In the domain of having God’s ear, the Christian and the pastor is to be a man who calls God “Father.” A Father hears his son, and “prayer is the principle expression of our relationship to God through our Lord Jesus Christ.”[22] Because Christians are adopted in Christ, and Christ is our mediator, and the Holy Spirit is our promised helper and advocate, then the Father hears our prayers and He answers them. God, indeed, leads all of His people to pray through the teaching of Scripture and the model of Jesus who prayed continuously (Luke 5:16). Further, God has commanded His sons to pray and it is “a command of love…in His love He desires to communicate with us and to bless us.”[23] Since pastors are Christians and Christians have received the Greatest Command to Love God with all of our heart, mind, and strength (Matthew 22:36-40), then to pray to God is an act of love. The Father wants to hear from his sons, and the son learns from the Father in the act of prayer.
Prayer and Bible intake have always gone together in Christian practice. This is true for the ancient practice of lectio divina (divine reading) which includes “[r]epetitious reading, thoughtful and extended reflection on individual words or phrases, prayerful reflection on our own lives in the light of our meditation, and finally silent resting in the love of God”[24] In other words, you listen to the Scriptures, meditate on them, and then respond prayerfully. I am an advocate for the A.C.T.S method of prayer (although I prefer to switch the T and the S) because I think they provide a proper flow for approaching God: prayers of Adoration, prayers of Confession, prayers of Thanksgiving, and finally, prayers of Supplication. One could read, listen and meditate on a passage of Scripture and then respond in prayer to God using this method which provides for the dialogue of God speaking to and God hearing his children. Finally, prayer and Scripture go together because God has already put them together by Inspiring the Psalms. Eugene Peterson states that the five-book arrangement of the Psalms matches the five-book arrangement of the Torah, thus, “for every word that God speaks to us, there must be an answering word from us;” any proper response to God’s Word is taught to us, and caught by us when we pray the Psalms continuously.[25] The pastor, if he is to be the leader and under-shepherd of his people and a man after God’s own heart, must be a man of prayer and the Bible teaches each of us how to do it through the inspired Psalms.

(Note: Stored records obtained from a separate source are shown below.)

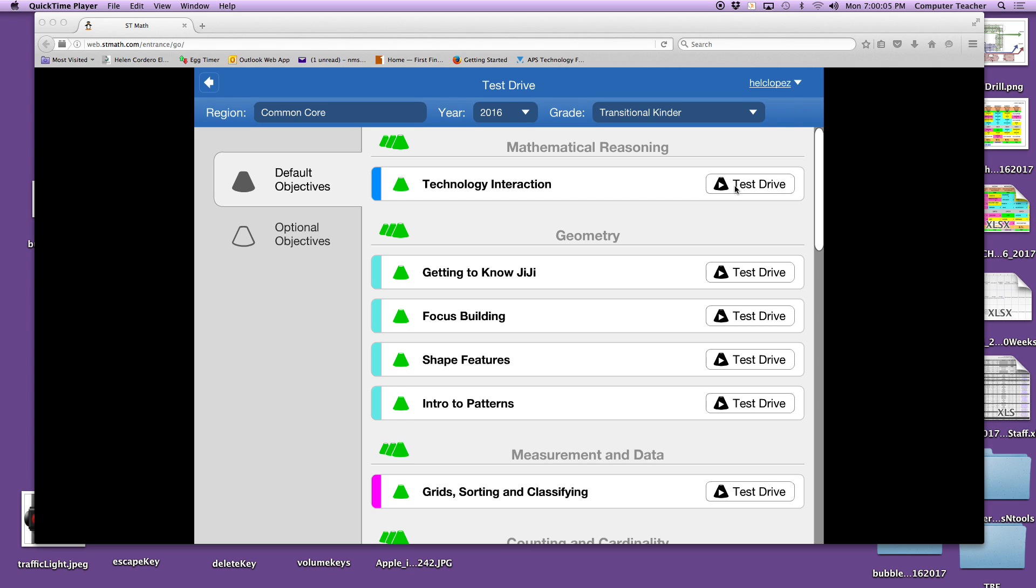So we're going to start with the very first one. There's all of these different types.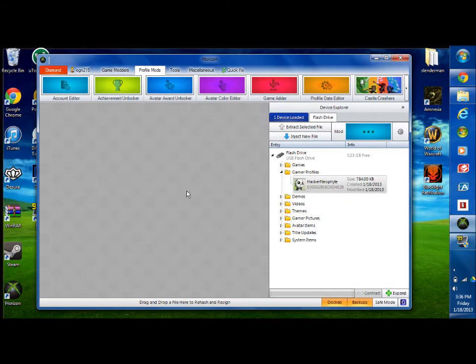Alright, hey guys, this is going to be a quick tutorial on how to hack your gamer profile picture for your Xbox avatar.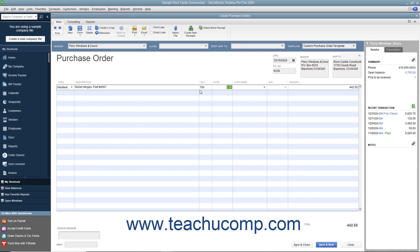To enter a message to the vendor, type the message into the vendor message field. You can enter a memo into the memo field if needed. After you have completed the purchase order, you can click the Save & Close button to save the purchase order and close the window, or click the Save & New button to save the purchase order and open another new purchase order form.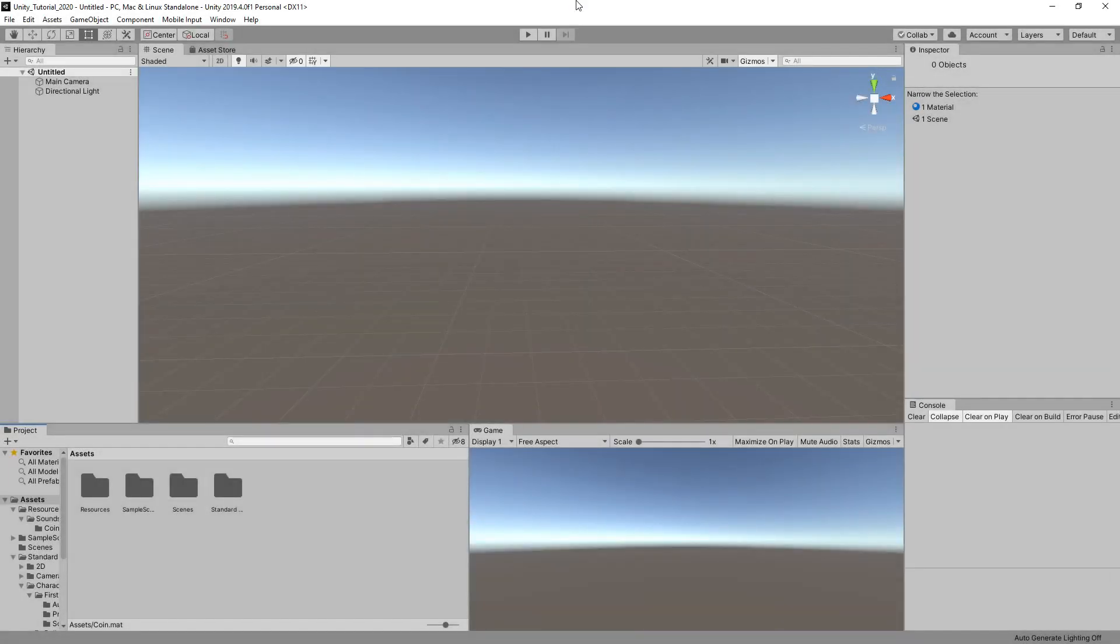Hello everybody and welcome back to another Unity tutorial. Today I'm going to be creating a simple coin pickup script where it's going to play some sound and change a text counter on the screen.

Finally, the pastor is a church member, one who has a certain role of leadership in the church, but he is certainly still a church member and that means that he must be about being part of the body of Christ. As pastors, “the most powerful influence we can have upon people is example.”[26] Nowhere is this more apparent than in the participation of the pastor in church gatherings and meetings, including the Sunday worship service. A pastor exemplifies being a son of God in this setting more than anywhere else. This includes all the aspects of public worship and prayer, along with a life dedicated to Great Commission living. The danger in this area is to substitute setting an example from a personal commitment to the body. God wants quality of life for his son, including his sons who serve as pastors, and not quantity of service. Service to the corporate body should not and cannot substitute quality of participation.[27] The pastor’s devotional life begins in his solitude practices (Bible intake and prayer) but spills over into his congregational participation as a member of the body of Christ. Thus, he fulfills two things at one time: being a son and being an example.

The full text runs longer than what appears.